There's gamesmanship and then there's faking an injury to fox your opponent. Don't anyone accuse Andy Murray on either score. Ernests Gulbis, the lackadaisical Latvian, did just that and look what happened to him. The Scot's quickly dispatched second-round opponent claimed Murray had purposely taken a medical time out at their last encounter at Queen's Club in 2008 just to throw him. Not so, insisted Murray. "That's a form of cheating [gamesmanship]. I'm one of the guys who don't do it." Calling for a medical time out is every player's right, but some seem to need them more than others. Novak Djokovic, we're watching.

The British are going...

Ironic, huh, that the first year we have a real stab at a home-grown winner, the rest of the Brits have an absolute shocker. Dan Evans, who lost in the first round, had the right idea: "I might not be a tennis player soon – I might be stacking shelves.
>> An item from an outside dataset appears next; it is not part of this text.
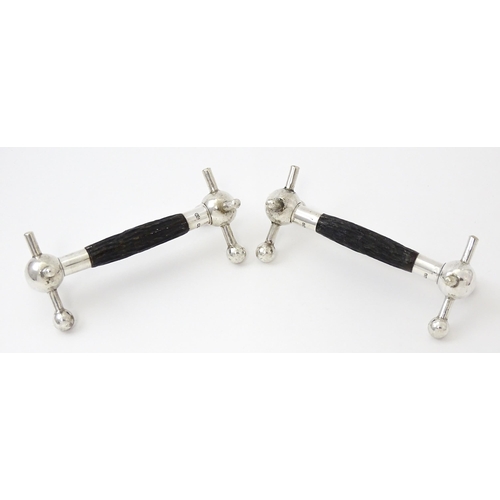 434 - A pair of silver knife rests with antler detail, hallmarked Sheffield 1913, maker John Biggin. Appro...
Tesco are advertising." Others were less contrite, with Elena Baltacha and Anne Keothavong lashing out at critics, including the Sports minister, Gerry Sutcliffe, who had said getting two players out of 11 into the second round was "not acceptable". Really, though, Keothavong, blaming an unsupportive crowd is just not on. Murraymania, anyone? No 2, Alex Bogdanovic, will struggle to shake his new nickname – A-Bog – after crashing out in the first round for the eighth straight year.